Problem details: Without any alteration, retype the records that appear below.

Short text fragments from websites:
|---|

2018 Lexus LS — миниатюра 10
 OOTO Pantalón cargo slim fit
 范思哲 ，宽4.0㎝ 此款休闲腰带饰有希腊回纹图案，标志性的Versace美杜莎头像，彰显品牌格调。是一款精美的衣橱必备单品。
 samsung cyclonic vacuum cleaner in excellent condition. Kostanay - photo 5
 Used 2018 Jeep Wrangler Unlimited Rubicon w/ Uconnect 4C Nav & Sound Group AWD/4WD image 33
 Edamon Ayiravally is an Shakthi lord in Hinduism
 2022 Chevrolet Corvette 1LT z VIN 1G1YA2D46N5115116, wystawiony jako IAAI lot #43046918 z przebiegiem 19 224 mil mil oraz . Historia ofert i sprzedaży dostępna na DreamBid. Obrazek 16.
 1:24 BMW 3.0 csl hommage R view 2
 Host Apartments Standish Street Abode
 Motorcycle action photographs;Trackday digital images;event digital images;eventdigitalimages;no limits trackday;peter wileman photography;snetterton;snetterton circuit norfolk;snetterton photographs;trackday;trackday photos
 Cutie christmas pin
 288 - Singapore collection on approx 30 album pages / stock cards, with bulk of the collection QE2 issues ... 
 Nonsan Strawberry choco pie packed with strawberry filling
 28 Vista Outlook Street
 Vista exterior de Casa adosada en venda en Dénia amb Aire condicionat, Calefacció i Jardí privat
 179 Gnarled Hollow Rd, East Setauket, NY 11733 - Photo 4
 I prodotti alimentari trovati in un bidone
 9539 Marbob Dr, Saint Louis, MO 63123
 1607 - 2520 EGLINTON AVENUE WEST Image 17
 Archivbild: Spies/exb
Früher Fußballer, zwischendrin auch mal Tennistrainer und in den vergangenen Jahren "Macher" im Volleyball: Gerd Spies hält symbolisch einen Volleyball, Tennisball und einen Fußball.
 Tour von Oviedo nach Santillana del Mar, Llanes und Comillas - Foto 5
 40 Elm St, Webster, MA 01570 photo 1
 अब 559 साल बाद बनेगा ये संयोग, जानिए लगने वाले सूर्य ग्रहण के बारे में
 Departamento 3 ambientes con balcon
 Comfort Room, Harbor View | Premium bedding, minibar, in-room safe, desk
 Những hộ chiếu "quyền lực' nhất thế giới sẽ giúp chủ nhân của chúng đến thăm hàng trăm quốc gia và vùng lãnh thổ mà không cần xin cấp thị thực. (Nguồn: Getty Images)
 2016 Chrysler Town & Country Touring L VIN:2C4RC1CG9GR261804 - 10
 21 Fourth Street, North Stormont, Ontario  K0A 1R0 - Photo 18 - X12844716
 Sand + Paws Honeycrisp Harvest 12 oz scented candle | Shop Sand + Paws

|---|

Output for this task:
2018 Lexus LS — миниатюра 10
 OOTO Pantalón cargo slim fit
 范思哲 ，宽4.0㎝ 此款休闲腰带饰有希腊回纹图案，标志性的Versace美杜莎头像，彰显品牌格调。是一款精美的衣橱必备单品。
 samsung cyclonic vacuum cleaner in excellent condition. Kostanay - photo 5
 Used 2018 Jeep Wrangler Unlimited Rubicon w/ Uconnect 4C Nav & Sound Group AWD/4WD image 33
 Edamon Ayiravally is an Shakthi lord in Hinduism
 2022 Chevrolet Corvette 1LT z VIN 1G1YA2D46N5115116, wystawiony jako IAAI lot #43046918 z przebiegiem 19 224 mil mil oraz . Historia ofert i sprzedaży dostępna na DreamBid. Obrazek 16.
 1:24 BMW 3.0 csl hommage R view 2
 Host Apartments Standish Street Abode
 Motorcycle action photographs;Trackday digital images;event digital images;eventdigitalimages;no limits trackday;peter wileman photography;snetterton;snetterton circuit norfolk;snetterton photographs;trackday;trackday photos
 Cutie christmas pin
 288 - Singapore collection on approx 30 album pages / stock cards, with bulk of the collection QE2 issues ... 
 Nonsan Strawberry choco pie packed with strawberry filling
 28 Vista Outlook Street
 Vista exterior de Casa adosada en venda en Dénia amb Aire condicionat, Calefacció i Jardí privat
 179 Gnarled Hollow Rd, East Setauket, NY 11733 - Photo 4
 I prodotti alimentari trovati in un bidone
 9539 Marbob Dr, Saint Louis, MO 63123
 1607 - 2520 EGLINTON AVENUE WEST Image 17
 Archivbild: Spies/exb
Früher Fußballer, zwischendrin auch mal Tennistrainer und in den vergangenen Jahren "Macher" im Volleyball: Gerd Spies hält symbolisch einen Volleyball, Tennisball und einen Fußball.
 Tour von Oviedo nach Santillana del Mar, Llanes und Comillas - Foto 5
 40 Elm St, Webster, MA 01570 photo 1
 अब 559 साल बाद बनेगा ये संयोग, जानिए लगने वाले सूर्य ग्रहण के बारे में
 Departamento 3 ambientes con balcon
 Comfort Room, Harbor View | Premium bedding, minibar, in-room safe, desk
 Những hộ chiếu "quyền lực' nhất thế giới sẽ giúp chủ nhân của chúng đến thăm hàng trăm quốc gia và vùng lãnh thổ mà không cần xin cấp thị thực. (Nguồn: Getty Images)
 2016 Chrysler Town & Country Touring L VIN:2C4RC1CG9GR261804 - 10
 21 Fourth Street, North Stormont, Ontario  K0A 1R0 - Photo 18 - X12844716
 Sand + Paws Honeycrisp Harvest 12 oz scented candle | Shop Sand + Paws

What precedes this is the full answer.